Cloud scale load balancers, such as Ananta and Duet are critical components of the data center (DC) infrastructure, and are vital to the performance of the hosted online services. In this paper, using traffic traces from a production DC, we show that prior load balancer designs incur substantial overhead in the DC network bandwidth usage, due to the intrinsic nature of traffic redirection. Moreover, in Duet, traffic redirection results in extra bandwidth consumption in the core network and breaks the full-bisection bandwidth guarantees offered by the underlying networks such as Clos and FatTree.

We present RUBIK, a load balancer that significantly lowers the DC network bandwidth usage while providing all the performance and availability benefits of Duet.
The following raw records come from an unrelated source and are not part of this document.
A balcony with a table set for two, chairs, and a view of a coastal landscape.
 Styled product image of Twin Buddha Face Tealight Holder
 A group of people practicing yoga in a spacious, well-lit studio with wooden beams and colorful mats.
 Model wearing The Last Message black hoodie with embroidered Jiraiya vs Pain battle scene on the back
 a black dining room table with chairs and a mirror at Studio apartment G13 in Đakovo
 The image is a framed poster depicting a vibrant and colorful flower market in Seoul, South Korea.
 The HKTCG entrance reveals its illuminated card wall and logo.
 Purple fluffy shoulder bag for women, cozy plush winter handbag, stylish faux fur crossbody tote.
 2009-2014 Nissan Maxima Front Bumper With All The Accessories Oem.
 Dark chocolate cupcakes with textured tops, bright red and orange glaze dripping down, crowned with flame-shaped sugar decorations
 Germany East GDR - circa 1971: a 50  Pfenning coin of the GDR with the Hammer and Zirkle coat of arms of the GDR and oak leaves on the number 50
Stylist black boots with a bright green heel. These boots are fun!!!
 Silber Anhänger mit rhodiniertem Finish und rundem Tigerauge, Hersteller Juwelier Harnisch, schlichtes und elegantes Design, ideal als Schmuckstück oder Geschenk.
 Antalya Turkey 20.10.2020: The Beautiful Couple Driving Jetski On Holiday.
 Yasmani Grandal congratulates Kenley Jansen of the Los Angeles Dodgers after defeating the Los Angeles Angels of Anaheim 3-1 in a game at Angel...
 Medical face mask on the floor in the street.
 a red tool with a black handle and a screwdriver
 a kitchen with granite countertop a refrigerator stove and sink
RUBIK achieves its goals by applying two principles in the scale-out load balancer design—exploiting locality and applying end-point flexibility in placing the servers. We show how to jointly exploit these two principles to maximally contain the traffic load balanced to be within individual ToRs while satisfying service-specific failure domain constraints. Our evaluation using a testbed prototype and DC-scale simulation using real traffic traces shows that compared to the prior art Duet, RUBIK can reduce the bandwidth usage by over 3x and the maximum link utilization of the DC network by 4x, while providing all the performance, scalability, and availability benefits.